Once-for-All Channel Mixers (HyperTinyPW): Generative Compression for TinyML

Neural networks on microcontrollers are constrained by kilobytes of flash/SRAM, where 1×1 pointwise (PW) mixers often dominate memory even after INT8 quantization. We present HYPERTINYPW, a compression-as-generation method that replaces most stored PW weights with generated weights: a shared micro-MLP synthesizes PW kernels once at load time from tiny per-layer codes, caches them, and executes them with standard integer operators. This preserves commodity MCU runtimes and incurs only a one-off synthesis cost; steady-state inference matches INT8 separable CNNs. Sharing a latent basis across layers removes cross-layer redundancy, while keeping PW1 in INT8 stabilizes early, morphology-sensitive mixing. We also introduce TinyML-faithful packed-byte accounting (generator, heads/factorization, codes, kept PW1, backbone) and a unified evaluation protocol with validation-tuned thresholds and bootstrap CIs.
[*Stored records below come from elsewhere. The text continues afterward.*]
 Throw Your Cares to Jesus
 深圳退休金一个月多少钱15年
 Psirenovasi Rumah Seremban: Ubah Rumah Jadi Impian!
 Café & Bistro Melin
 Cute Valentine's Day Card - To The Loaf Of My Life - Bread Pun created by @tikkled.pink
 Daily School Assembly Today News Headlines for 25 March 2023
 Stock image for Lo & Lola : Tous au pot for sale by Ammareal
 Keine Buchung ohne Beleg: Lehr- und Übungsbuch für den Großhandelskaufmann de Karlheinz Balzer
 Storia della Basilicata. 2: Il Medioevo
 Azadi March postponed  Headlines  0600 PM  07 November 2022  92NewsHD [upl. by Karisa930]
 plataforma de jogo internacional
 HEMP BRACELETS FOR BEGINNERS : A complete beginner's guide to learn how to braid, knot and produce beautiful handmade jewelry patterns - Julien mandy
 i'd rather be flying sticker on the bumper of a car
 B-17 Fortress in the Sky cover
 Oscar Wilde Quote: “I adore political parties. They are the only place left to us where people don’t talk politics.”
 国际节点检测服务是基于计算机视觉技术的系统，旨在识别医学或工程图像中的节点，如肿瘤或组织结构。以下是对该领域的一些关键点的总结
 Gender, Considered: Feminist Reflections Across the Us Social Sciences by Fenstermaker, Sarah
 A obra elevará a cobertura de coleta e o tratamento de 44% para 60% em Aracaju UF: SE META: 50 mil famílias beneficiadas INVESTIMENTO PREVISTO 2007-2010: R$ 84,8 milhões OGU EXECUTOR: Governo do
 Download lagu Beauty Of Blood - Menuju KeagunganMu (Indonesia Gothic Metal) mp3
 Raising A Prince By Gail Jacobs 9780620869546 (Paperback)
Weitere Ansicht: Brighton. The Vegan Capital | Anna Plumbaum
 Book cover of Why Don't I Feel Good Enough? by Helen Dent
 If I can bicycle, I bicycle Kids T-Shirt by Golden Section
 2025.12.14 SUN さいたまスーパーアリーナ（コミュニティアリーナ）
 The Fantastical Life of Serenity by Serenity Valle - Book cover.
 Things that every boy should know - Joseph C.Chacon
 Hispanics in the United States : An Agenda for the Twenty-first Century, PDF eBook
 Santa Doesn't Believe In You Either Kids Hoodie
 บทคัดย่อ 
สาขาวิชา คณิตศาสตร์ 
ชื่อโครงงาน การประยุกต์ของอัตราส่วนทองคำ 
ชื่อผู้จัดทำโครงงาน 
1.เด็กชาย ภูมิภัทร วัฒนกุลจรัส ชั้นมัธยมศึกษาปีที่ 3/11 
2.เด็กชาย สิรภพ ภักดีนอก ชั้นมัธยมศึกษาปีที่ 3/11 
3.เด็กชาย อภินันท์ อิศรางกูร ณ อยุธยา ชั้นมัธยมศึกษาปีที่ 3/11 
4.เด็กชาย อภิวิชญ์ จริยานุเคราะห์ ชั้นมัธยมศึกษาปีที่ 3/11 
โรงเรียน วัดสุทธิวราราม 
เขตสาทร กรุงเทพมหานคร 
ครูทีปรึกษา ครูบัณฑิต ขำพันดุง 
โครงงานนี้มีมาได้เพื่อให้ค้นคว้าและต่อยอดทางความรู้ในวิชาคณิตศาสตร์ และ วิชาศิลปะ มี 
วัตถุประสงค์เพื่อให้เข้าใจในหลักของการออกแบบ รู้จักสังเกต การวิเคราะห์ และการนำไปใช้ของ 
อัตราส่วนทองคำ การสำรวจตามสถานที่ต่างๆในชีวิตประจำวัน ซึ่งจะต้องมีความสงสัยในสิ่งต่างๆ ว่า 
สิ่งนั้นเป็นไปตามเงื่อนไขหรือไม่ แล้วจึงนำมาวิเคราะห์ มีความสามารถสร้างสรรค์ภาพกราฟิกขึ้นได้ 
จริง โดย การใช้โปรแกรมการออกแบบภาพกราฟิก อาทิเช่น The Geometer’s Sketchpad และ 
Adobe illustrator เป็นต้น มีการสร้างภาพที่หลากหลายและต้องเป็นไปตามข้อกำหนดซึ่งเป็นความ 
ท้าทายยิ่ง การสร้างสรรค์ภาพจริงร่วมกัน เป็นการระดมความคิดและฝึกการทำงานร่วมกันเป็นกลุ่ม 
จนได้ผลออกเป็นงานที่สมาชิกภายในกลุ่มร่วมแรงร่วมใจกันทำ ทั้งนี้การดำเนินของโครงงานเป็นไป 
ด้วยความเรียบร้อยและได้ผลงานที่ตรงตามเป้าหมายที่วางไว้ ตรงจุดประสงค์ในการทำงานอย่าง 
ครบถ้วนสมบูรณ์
On three ECG benchmarks (Apnea-ECG, PTB-XL, MIT-BIH), HYPERTINYPW improves the macro- F1–vs.–flash Pareto: at ∼225 kB it achieves neariso performance to a ∼1.4MB CNN while being 6.31× smaller (84.15% fewer bytes), retaining ≥95% of large-model macro-F1. Beyond ECG, HYPERTINYPW transfers to TinyML audio: on Speech Commands keyword spotting it reaches 96.2% test accuracy (98.2% best validation), supporting that generate-and-cache channel mixing applies broadly to embedded sensing workloads where repeated linear mixers dominate memory.